### Given entries ###

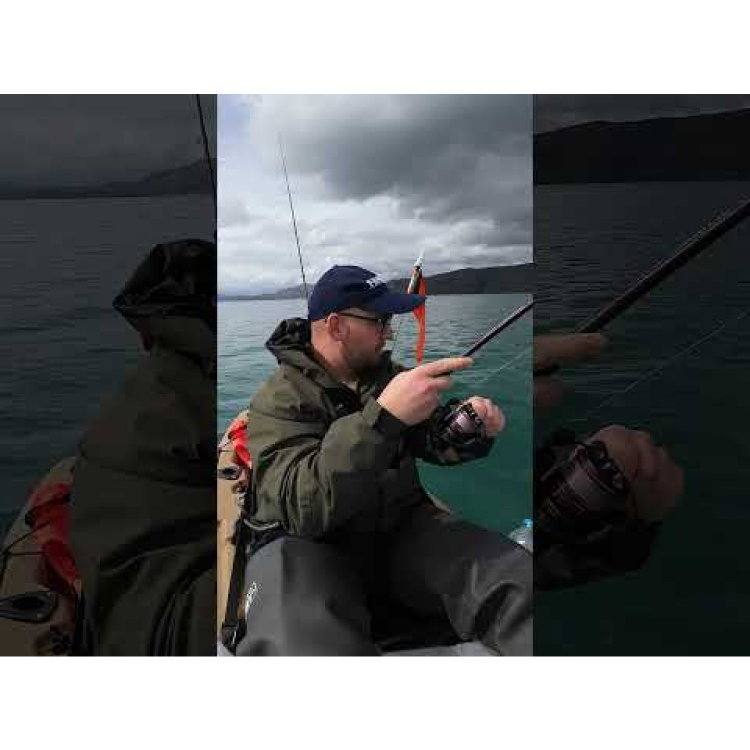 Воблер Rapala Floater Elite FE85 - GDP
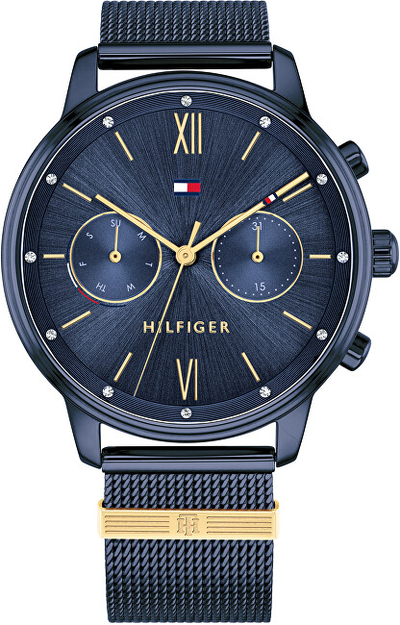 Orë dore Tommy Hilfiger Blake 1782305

###
### Given entries ###

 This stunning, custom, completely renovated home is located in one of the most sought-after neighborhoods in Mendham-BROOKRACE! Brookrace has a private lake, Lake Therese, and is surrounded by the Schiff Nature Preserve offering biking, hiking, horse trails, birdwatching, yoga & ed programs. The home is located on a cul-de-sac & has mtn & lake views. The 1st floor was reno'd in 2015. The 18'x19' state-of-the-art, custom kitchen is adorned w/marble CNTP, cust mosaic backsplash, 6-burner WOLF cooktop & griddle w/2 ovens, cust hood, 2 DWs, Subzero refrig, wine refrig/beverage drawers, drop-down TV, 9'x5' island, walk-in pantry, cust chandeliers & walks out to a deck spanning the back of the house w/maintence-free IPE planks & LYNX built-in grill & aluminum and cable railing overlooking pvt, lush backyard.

###
### Given entries ###

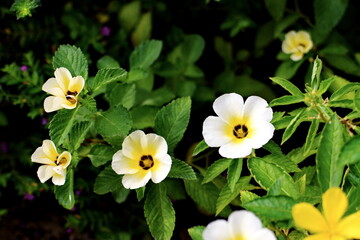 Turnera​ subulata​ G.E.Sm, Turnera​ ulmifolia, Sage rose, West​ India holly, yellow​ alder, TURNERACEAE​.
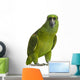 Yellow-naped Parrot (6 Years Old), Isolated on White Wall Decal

###

Your task => The result should be an exact copy of only the lines above from the one that holds "Воблер Rapala Floater Elite FE85 - GDP" through the one that holds "Orë dore Tommy Hilfiger Blake 1782305", both ends included, without pictures.

Written answer =>
 Воблер Rapala Floater Elite FE85 - GDP
 Orë dore Tommy Hilfiger Blake 1782305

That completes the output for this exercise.